I don’t think I’m alone in the way I feel. I’m guessing that anyone who has ever had any sort of disabling health issue has felt guilty at some point. For me, it’s hard NOT to feel like a burden. Ken still has to do most things around the house including extracuiccular things like driving Alex back and forth to his engagements this week and two weeks ago.
I had to wake him up to redress the areas on my back because the tape had peeled up while I was taking off my cami. He has to be up at 6:30 tomorrow morning. I felt awful. I thought he had just gone in to read and here I go getting him up. I TRIED to fix it myself but I just couldn’t manage it. I feel horrible that I’m not more self sufficient.
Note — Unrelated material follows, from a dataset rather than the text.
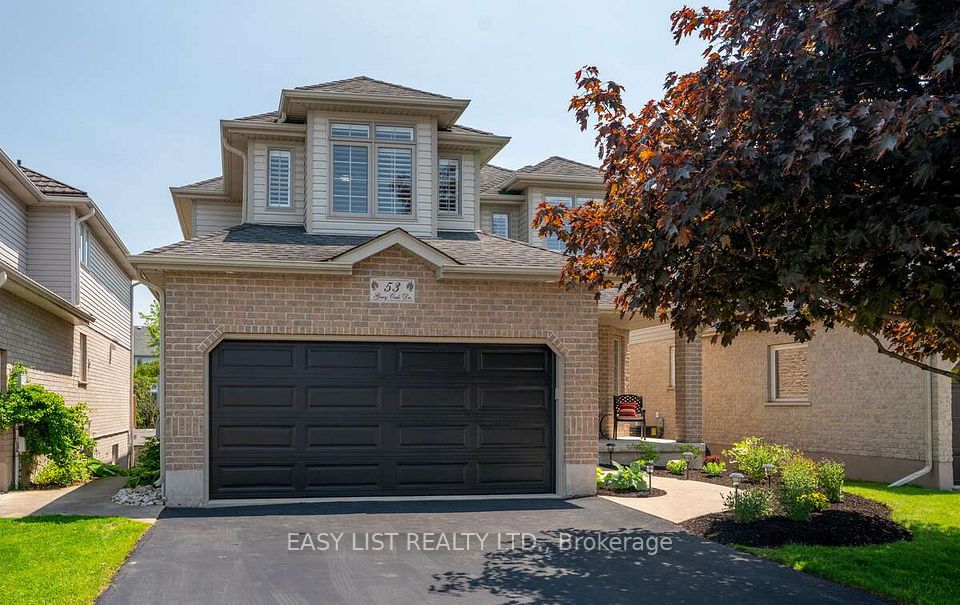 53 Grey Oak Drive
When I was dealing with wound packing and dressing before the wound vac during the necrosis era, I did everything myself. Of course it was all on my chest so that made it easier from an access perspective. I also refused to let him see any of it until I absolutely had to. And even then I prepared him to cushion the blow.
I know he SAYS it’s no big deal and it’s just maintainence, but I still worry that I am a burden. I don’t really know what I can do to assuage that guilt other than try to do more around the house. I’m afraid if I do more though that I’ll end up having a setback like I have two previous times. I want to please him but I don’t want to hurt myself in the process.
If any of my readers have been through this i would love to hear your suggestions.